• [Exercise instructions] If a record contains a picture, drop the picture and copy everything else exactly.

• [Input]

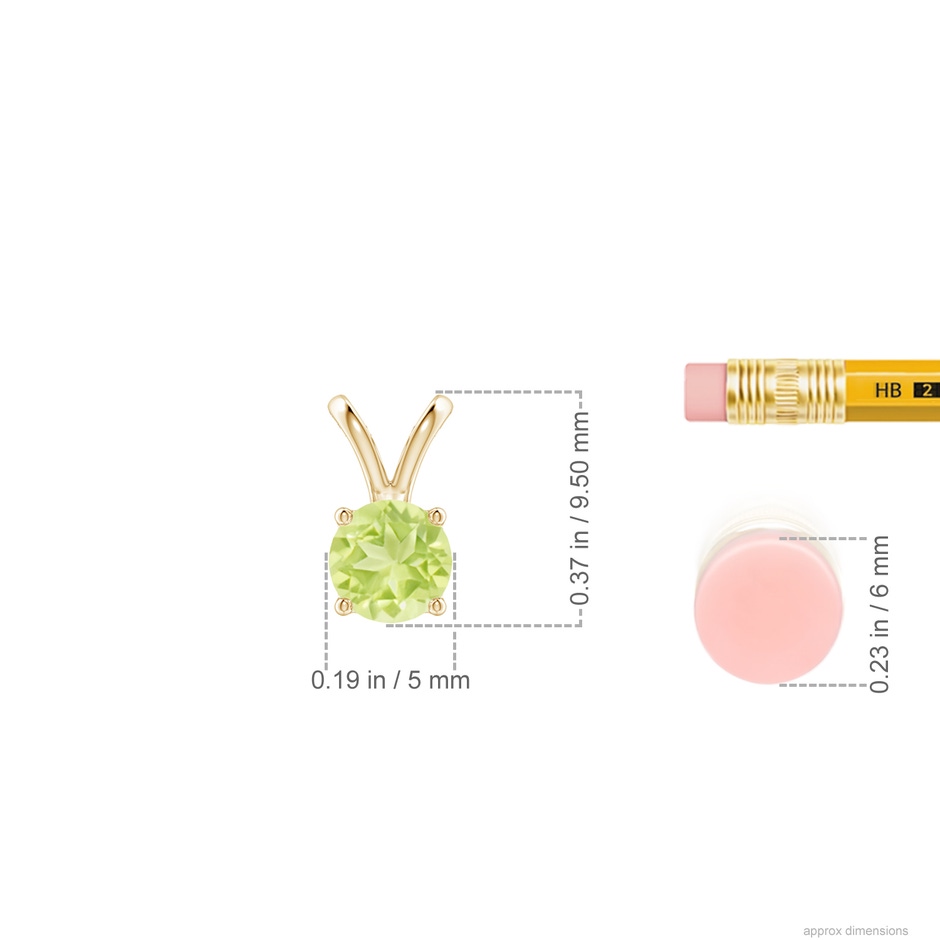 5mm A V-Bale Round Peridot Solitaire Pendant in Yellow Gold ruler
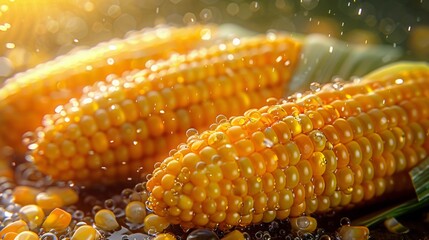 Boiled corn and corn background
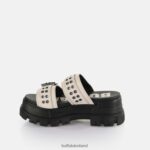Cream Buffalo Aspha Loop Platform Sandals vegan |Slides F06ZHH383 - Image 5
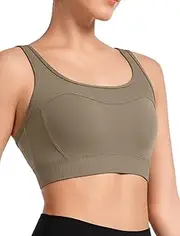 [Yvette] Workout Sports Bra for Women - Rib-Knit Patchwork Design, Elastic Wide Strap Yoga Bra Breathable Gym Top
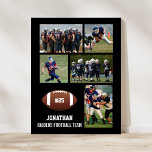 Poster Equipe Personalizada de Colagem de Fotografias de<br><div class="desc">Este poster de futebol personalizado apresenta as suas 5 fotos, o nome do jogador de futebol, o número de camisa e o nome do time. Personalize com fotos de ação, fotos de equipe etc. Altere facilmente a cor de fundo para corresponder às cores da sua equipe - basta clicar em...</div>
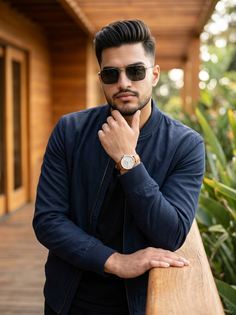 Navy Bomber Jacket Thoughtful Railing Portrait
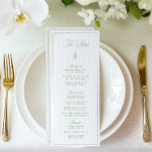 Menu de Casamento em Faixa Verde & Beige Clássica<br><div class="desc">Este elegante menu de casamento apresenta um fundo listrado de bege macio, emparelhado com uma refinada tipografia de serifpografia verde sage e delicados sotaques de guião. Projetado para casamentos de jardim, recepções formais ao ar livre e comemorações de eterno. A parte traseira inclui iniciais personalizáveis (excluir se não necessário), oferecendo...</div>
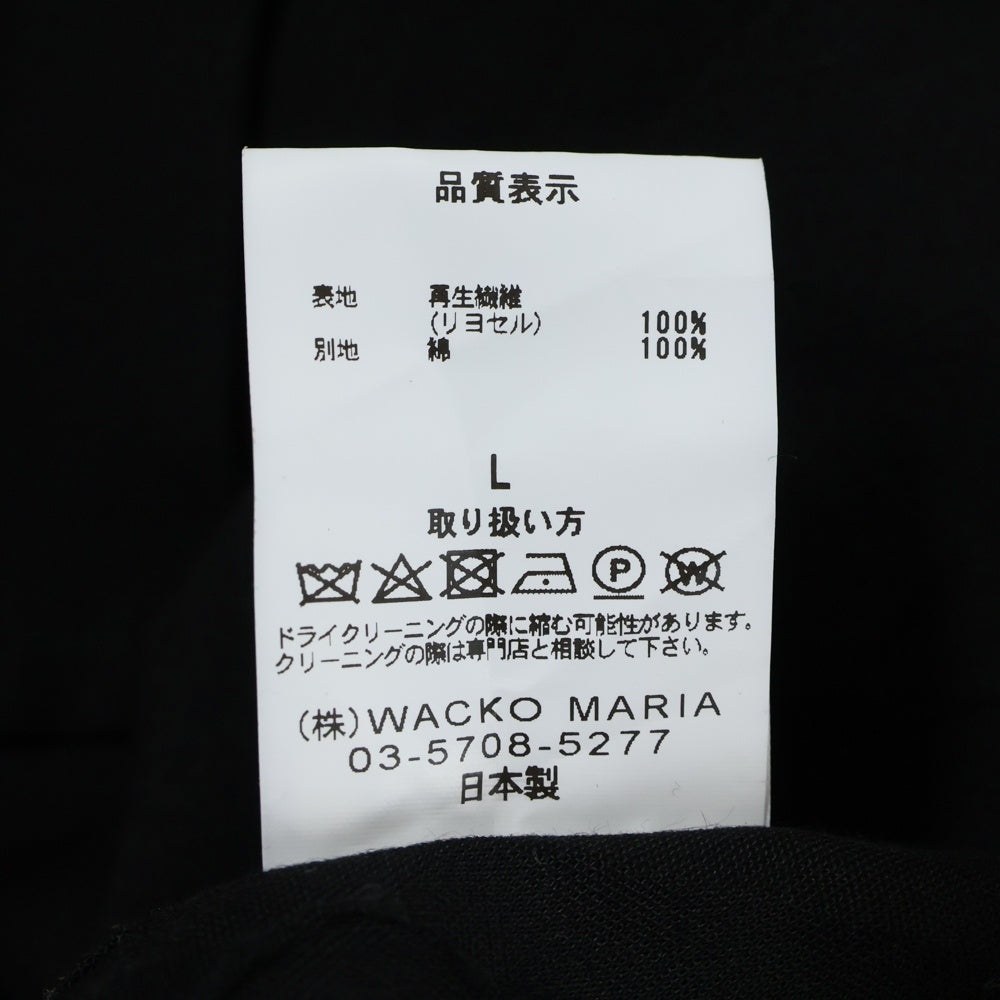 WACKO MARIA(ワコマリア) 22AW TWO-TONE 50'S SHIRT L/S TYPE-2 ツートン コーデュロイレオパード切り替え 長袖シャツ ブラック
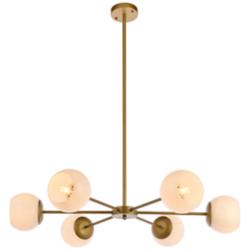 Briggs 36" Wide Brass 6-Light Wagon Wheel Chandelier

• [Answer to this exercise]
 5mm A V-Bale Round Peridot Solitaire Pendant in Yellow Gold ruler
 Boiled corn and corn background
Cream Buffalo Aspha Loop Platform Sandals vegan |Slides F06ZHH383 - Image 5
 [Yvette] Workout Sports Bra for Women - Rib-Knit Patchwork Design, Elastic Wide Strap Yoga Bra Breathable Gym Top
 Poster Equipe Personalizada de Colagem de Fotografias de<br><div class="desc">Este poster de futebol personalizado apresenta as suas 5 fotos, o nome do jogador de futebol, o número de camisa e o nome do time. Personalize com fotos de ação, fotos de equipe etc. Altere facilmente a cor de fundo para corresponder às cores da sua equipe - basta clicar em...</div>
 Navy Bomber Jacket Thoughtful Railing Portrait
 Menu de Casamento em Faixa Verde & Beige Clássica<br><div class="desc">Este elegante menu de casamento apresenta um fundo listrado de bege macio, emparelhado com uma refinada tipografia de serifpografia verde sage e delicados sotaques de guião. Projetado para casamentos de jardim, recepções formais ao ar livre e comemorações de eterno. A parte traseira inclui iniciais personalizáveis (excluir se não necessário), oferecendo...</div>
 WACKO MARIA(ワコマリア) 22AW TWO-TONE 50'S SHIRT L/S TYPE-2 ツートン コーデュロイレオパード切り替え 長袖シャツ ブラック
 Briggs 36" Wide Brass 6-Light Wagon Wheel Chandelier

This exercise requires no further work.